Will ‘upfront information’ go from buzzword to conventional practice in the year ahead?
Of the many industry buzzwords, I suspect “upfront information” was up there as one of the most widely used in 2021. Whether a proptech announcing an innovation, or a comment piece stating that upfront information is a way of addressing the unwieldy sales transaction process, this is one topic that is regularly mentioned and that always garners lots of opinions.
Now, with the new “material information rules” initially alluded to in the Levelling Up agenda followed by NTSELAT‘s part A of the details – tenure, council tax band and rate must be included on all property listings – unveiled this week, it’s clear that the government is aiming for mandatory disclosure of material information at the outset of a transaction.
What’s the problem?
A recent Landmark Estate Agency Services survey of agents suggests that 83 per cent expect more upfront due diligence and data insights to help buyers to make better informed decisions and receive fewer surprises later in the legal process.

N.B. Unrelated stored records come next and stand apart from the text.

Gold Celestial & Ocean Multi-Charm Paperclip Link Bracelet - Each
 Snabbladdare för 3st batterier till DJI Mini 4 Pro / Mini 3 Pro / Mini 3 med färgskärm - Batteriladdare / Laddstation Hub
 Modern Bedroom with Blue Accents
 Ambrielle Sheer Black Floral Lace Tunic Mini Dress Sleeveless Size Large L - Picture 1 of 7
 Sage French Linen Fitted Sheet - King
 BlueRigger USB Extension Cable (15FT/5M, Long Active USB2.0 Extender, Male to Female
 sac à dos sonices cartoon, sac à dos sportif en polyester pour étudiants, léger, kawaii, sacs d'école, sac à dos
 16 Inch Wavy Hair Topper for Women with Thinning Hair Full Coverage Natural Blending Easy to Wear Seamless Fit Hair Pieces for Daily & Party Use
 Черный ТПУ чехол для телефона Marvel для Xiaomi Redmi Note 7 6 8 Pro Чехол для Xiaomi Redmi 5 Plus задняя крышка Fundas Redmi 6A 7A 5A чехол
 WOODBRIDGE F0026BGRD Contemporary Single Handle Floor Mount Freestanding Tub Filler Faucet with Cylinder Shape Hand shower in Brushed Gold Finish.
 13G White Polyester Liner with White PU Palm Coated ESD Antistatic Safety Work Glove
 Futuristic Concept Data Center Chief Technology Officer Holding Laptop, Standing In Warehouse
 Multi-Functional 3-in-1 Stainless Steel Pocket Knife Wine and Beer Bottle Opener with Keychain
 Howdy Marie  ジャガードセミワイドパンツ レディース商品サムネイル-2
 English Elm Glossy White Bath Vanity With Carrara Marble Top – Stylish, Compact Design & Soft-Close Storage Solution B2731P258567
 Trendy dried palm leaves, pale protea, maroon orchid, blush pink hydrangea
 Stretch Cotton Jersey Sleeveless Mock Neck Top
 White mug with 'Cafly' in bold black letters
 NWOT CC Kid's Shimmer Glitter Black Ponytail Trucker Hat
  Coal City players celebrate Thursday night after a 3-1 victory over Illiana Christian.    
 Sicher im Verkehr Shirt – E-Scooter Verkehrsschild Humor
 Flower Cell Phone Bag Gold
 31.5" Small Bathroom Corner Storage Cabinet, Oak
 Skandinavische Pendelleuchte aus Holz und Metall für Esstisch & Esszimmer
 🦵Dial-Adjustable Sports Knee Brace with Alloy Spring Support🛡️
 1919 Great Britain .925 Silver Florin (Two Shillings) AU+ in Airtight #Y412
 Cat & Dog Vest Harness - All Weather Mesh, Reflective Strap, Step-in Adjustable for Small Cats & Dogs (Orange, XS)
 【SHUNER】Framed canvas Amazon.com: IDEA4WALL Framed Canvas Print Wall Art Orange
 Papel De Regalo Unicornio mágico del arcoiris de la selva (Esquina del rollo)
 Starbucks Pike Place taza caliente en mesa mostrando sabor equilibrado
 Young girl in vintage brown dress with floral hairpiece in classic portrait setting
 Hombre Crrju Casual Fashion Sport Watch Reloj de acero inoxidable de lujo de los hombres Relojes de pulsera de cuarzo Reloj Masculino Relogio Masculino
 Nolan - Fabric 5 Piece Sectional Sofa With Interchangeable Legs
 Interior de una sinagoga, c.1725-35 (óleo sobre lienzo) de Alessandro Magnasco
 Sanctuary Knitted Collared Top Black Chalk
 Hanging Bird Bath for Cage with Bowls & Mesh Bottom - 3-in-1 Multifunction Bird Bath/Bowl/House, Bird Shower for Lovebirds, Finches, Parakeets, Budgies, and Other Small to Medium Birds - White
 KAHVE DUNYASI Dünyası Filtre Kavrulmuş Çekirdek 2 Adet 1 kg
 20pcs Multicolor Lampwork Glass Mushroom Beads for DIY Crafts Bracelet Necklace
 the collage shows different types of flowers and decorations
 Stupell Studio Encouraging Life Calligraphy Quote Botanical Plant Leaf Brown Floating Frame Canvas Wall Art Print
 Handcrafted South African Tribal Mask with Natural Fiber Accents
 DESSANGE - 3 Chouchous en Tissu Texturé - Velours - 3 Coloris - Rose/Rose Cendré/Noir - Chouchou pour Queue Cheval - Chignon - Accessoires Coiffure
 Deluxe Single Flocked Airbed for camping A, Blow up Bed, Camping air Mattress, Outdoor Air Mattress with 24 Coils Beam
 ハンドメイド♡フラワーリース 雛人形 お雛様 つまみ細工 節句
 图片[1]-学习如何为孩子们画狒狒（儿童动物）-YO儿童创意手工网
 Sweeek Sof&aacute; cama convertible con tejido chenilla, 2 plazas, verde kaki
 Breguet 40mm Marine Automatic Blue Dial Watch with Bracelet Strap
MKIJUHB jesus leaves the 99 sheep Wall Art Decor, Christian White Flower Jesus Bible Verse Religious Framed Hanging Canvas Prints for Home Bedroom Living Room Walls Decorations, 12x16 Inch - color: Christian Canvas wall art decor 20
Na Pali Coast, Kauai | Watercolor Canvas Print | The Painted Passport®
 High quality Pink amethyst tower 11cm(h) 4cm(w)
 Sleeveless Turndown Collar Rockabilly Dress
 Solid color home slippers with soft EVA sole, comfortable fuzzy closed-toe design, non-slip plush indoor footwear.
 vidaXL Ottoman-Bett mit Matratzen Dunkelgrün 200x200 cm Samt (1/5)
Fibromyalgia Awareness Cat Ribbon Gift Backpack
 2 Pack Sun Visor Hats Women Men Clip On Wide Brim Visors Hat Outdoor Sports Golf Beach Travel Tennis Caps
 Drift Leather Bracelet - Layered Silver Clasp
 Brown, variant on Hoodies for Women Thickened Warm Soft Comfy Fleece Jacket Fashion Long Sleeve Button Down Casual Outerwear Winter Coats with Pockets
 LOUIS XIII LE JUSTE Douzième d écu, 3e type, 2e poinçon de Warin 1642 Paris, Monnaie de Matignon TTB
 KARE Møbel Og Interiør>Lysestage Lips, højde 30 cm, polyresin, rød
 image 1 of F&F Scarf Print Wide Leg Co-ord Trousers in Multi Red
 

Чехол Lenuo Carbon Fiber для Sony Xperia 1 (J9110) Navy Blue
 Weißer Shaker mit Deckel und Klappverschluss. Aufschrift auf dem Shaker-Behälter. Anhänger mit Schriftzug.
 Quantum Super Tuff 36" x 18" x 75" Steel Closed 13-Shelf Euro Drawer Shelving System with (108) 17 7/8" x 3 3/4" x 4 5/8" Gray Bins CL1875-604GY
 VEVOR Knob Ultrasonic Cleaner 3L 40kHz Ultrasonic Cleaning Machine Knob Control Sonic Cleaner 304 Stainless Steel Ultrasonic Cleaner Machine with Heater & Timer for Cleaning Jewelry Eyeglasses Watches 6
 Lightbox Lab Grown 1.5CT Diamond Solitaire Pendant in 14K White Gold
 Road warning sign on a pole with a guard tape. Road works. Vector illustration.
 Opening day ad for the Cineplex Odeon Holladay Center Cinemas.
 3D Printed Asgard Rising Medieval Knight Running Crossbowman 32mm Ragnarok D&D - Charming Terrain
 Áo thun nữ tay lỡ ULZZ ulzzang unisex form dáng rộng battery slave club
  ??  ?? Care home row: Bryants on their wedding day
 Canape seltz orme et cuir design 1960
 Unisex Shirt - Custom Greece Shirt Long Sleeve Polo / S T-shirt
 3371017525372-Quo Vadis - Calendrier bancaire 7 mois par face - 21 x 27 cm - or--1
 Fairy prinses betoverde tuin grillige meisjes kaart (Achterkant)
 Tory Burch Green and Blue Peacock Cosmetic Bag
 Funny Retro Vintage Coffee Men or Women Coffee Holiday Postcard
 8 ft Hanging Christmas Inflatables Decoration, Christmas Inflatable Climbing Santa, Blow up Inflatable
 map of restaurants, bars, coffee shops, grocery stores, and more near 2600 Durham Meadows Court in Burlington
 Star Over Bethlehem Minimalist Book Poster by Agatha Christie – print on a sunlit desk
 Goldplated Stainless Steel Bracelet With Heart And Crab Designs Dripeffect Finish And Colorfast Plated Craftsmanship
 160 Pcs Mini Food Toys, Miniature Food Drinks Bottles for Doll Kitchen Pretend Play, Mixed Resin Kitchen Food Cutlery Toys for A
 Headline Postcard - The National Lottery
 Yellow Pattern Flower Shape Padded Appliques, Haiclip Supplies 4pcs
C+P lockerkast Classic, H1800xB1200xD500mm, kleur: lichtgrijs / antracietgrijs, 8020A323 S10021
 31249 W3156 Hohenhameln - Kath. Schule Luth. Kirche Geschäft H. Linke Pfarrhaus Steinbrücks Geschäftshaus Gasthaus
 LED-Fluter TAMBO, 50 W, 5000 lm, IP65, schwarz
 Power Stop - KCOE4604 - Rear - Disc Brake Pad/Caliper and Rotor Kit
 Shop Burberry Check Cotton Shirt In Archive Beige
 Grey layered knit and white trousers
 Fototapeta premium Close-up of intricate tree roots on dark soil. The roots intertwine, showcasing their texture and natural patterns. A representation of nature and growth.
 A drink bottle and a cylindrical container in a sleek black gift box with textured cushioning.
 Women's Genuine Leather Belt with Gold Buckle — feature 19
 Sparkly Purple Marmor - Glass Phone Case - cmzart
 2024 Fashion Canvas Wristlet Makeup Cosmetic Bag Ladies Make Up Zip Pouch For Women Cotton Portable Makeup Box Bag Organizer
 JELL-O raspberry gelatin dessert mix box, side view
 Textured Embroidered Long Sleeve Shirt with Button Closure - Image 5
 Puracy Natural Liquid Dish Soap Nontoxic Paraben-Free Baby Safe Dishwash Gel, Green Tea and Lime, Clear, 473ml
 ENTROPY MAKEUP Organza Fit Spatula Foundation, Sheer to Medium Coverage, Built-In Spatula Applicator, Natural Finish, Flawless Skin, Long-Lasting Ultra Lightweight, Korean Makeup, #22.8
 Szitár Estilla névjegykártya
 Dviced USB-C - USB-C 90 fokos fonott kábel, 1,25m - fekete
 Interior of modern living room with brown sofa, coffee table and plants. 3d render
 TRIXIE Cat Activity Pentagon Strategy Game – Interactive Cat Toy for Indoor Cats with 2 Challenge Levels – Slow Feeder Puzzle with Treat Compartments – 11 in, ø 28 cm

With a reported third of property sales falling through before completion in the final quarter of last year, it’s clear that such insights are necessary. This is a problem in the sales process that certainly needs to be addressed and it’s clear that all parties in a property transaction would benefit from more comprehensive upfront information.
At Sprift, we have been evolving our comprehensive source of data on UK properties for the last six years. We are constantly developing our tech to try and find solutions to improve the sharing of this information, in order to reduce all-important transaction times.
Listening to agents and conveyancers has been at the cornerstone of our continual development, in order to address the need for upfront information. As such, our data can be shared instantly to all parties in a property transaction, via our online dashboard, which includes over 100 individual data points for every UK property, including title plans, planning history, EPCs, photos, floorplans, conservation areas and flood risks, as well as the necessary legal/protocol forms.
What is great to see today is that conveyancers are embracing upfront information as part of their digital transformation, in the same way their estate agent peers have over the last few years.
A single source of truth
By allowing property data to be shared with all parties right from the outset, everyone in the process can see the full set of information about a property – providing a trusted single reference of truth from official and trusted sources.
This sharing should be done at property listing stage, rather than waiting until an offer has been agreed between the buyer and seller – and this is where mandatory material information at the outset will help. Sellers should also engage a conveyancer at the time their property goes on the market, so that all the necessary documentation is in place when a sale is agreed and legally prepared. I believe this will speed up transaction times and reduce errors or misunderstandings, thus helping to prevent any issues down the line – saving time and money – and preventing transaction fall throughs.
Crucially, this will only truly be effective when the professionals in the transaction (estate agent, conveyancer and mortgage broker) and the consumer (buyer and seller) have seen and agreed what is being bought or sold at the outset.
The information is there, the challenge now is how this can be evolved and implemented so it becomes standard practice for all parties to share it from the start of the sales process. Certainly, the NTSELAT defining what the material information should be is a good place to start. Perhaps in 2022, the “upfront information” buzzword will finally become standard practice on any property sale as soon as a property hits the market.